Setelah yakin akan fakta-fakta yang tersemat dalam benaknya, Fenny dengan otomatis menjaga jarak agar tidak terkena dampak dari kobaran api yang meluap.
***
Sebuah sepatu hitam berjalan di atas karpet merah. Sepatu kulit hitam yang cemerlang sempat berhenti di depan asbak rokok. Lalu tak lama, abu cerutu jatuh mengenai sepatu hitam itu. Kemudian, sebuah sarung tangan berwarna putih menghampiri permukaan sepatu, lalu menyapu abu cerutu sampai lenyap. Tak lama kemudian, jemari telunjuk memijit tombol.
Setelah satu menit berlalu, semuanya tenang.
Pintu lift telah terbuka lebar. Ajung Pribadi masuk sambil merokok cerutu. Di kanan dan kiri, ada empat orang berbaju corak hijau, lengkap dengan persenjataannya. Mereka berlaku tenang dan bersiaga terus. Ting! Bunyi menandakan lift sudah sampai di lantai yang dituju. Pintu lift terbuka lebar. Dua orang berjalan lebih dulu, diikuti oleh Ajung Pribadi, barulah dua orang di belakang berjalan mengikuti gerombolan tersebut.
Kini mereka sudah tiba di depan pintu kamar. Tidak lama suara cekikikan di dalam terhenti, digantikan oleh suara langkah orang berlari cepat yang membuka pintu kamar. Lalu tampillah seorang gadis belia tanpa sehelai benang pun terjuntai di sekujur tubuhnya. Mereka otomatis tertunduk malu-malu tapi mau, termasuk Ajung Pribadi. Dalam benaknya, jenderal ini benar-benar nyentrik sekali. Namun, ia tidak punya kapasitas untuk menilai moral partner bisnisnya. Ia lebih cocok menilai kapasitas rekannya dalam menopang rencana besarnya itu.

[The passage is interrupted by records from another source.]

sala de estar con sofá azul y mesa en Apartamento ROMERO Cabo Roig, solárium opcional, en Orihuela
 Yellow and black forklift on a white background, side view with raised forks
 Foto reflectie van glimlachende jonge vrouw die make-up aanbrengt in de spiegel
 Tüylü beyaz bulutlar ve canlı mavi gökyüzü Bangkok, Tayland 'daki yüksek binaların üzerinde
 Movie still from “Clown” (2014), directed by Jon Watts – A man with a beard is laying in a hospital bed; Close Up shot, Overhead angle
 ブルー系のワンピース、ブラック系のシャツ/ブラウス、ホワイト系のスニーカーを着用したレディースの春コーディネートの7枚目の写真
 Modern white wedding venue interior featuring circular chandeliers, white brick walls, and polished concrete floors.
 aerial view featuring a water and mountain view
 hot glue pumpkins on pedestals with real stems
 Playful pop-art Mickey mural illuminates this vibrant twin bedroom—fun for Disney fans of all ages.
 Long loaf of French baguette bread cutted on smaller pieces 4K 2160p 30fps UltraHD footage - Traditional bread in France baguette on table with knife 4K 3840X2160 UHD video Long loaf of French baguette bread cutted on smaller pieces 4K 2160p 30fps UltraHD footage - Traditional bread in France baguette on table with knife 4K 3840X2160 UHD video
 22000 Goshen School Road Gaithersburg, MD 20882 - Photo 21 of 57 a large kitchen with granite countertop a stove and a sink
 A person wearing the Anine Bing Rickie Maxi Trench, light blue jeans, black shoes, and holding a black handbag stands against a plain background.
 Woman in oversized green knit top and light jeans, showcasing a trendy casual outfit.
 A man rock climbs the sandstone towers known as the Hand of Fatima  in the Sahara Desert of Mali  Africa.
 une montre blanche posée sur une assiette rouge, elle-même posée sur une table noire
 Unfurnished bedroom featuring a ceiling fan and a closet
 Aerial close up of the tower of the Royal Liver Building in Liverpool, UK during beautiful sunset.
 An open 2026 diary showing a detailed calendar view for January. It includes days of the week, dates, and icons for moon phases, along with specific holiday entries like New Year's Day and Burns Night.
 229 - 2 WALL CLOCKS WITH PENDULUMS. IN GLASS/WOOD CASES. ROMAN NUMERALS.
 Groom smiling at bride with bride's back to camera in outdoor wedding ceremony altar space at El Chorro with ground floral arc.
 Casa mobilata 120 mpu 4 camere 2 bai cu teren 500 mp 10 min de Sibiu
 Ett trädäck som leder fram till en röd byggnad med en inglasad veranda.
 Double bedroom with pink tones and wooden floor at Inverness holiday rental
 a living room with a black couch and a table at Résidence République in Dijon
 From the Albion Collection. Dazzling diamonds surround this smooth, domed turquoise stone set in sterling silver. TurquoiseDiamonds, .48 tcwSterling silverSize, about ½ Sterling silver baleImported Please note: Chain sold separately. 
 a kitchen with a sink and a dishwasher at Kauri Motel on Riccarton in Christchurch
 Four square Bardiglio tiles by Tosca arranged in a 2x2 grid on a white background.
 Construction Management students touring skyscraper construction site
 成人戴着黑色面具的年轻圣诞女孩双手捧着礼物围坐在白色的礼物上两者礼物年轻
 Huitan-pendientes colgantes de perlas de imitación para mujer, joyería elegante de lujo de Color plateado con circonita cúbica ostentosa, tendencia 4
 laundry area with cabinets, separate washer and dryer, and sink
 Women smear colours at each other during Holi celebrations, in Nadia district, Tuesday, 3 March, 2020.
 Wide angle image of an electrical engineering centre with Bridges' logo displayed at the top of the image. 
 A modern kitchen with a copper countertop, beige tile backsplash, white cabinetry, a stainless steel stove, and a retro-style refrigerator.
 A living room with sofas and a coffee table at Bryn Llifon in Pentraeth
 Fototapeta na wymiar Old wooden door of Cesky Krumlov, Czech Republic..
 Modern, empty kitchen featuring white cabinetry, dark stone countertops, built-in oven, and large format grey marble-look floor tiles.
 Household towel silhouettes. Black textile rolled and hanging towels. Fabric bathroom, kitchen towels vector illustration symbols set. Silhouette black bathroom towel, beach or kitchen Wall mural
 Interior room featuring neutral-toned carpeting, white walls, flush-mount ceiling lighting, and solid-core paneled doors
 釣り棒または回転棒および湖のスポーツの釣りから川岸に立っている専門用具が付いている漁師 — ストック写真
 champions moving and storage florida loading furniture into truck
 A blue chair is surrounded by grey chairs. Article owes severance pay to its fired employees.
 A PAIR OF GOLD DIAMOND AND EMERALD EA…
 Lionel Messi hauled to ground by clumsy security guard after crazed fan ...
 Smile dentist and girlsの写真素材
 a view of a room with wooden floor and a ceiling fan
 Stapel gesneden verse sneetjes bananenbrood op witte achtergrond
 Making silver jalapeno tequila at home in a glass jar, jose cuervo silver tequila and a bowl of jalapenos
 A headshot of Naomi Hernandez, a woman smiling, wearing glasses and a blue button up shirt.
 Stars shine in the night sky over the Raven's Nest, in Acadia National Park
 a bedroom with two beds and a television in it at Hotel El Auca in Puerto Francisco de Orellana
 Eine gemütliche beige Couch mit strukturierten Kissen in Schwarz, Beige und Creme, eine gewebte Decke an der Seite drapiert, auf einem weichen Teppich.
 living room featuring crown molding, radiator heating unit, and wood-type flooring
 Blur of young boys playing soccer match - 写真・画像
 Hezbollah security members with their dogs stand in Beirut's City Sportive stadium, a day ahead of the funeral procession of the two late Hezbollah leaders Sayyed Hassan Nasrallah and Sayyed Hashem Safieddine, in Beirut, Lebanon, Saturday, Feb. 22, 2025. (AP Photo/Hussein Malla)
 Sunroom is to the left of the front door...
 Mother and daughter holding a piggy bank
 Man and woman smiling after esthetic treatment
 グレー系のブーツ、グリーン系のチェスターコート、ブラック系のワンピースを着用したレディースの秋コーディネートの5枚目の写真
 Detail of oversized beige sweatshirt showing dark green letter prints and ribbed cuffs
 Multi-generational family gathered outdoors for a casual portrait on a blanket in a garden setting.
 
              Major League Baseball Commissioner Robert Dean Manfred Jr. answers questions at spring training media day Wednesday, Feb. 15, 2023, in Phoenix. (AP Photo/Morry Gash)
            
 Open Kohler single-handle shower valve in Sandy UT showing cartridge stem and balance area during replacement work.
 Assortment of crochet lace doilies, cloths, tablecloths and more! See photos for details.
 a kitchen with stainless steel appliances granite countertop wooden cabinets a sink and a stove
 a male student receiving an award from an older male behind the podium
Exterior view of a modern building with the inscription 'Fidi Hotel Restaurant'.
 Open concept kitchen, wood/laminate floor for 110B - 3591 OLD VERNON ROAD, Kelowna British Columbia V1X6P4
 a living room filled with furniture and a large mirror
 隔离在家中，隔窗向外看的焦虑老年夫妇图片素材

Gadis belia meminta mereka untuk masuk. Setelah mereka berjalan, gadis belia lekas masuk ke dalam kamar mandi untuk berbenah. Setelahnya, ia seolah lenyap ditelan bumi, sebuah istilah klise.
Kemudian sang jenderal meminta Ajung Pribadi untuk duduk di pinggir kasurnya yang berantakan.
"Bagaimana dengan bagian saya?" tanya sang jenderal membuka topik pembicaraan.
Tangan kanan Ajung Pribadi segera merogoh jasnya. Ia kemudian mengambil sebuah amplop cokelat yang tebal. Di dalam amplop itu terdapat uang ratusan juta, barangkali hampir tiga ratus juga. Sayangnya, sang jenderal tidak punya waktu untuk memeriksa. Jadinya, ia menerima dengan asas percaya saja.
Lalu mereka diam sejenak. Sampai kemudian sang jenderal berbicara lagi, walau sedikit terbata-bata.
"Boleh saya memberi kamu satu hadiah yang terlupakan!"
Ajung sudah berdiri, sebab ia harus segera pergi, namun rasa penasarannya tidak bisa ditampung.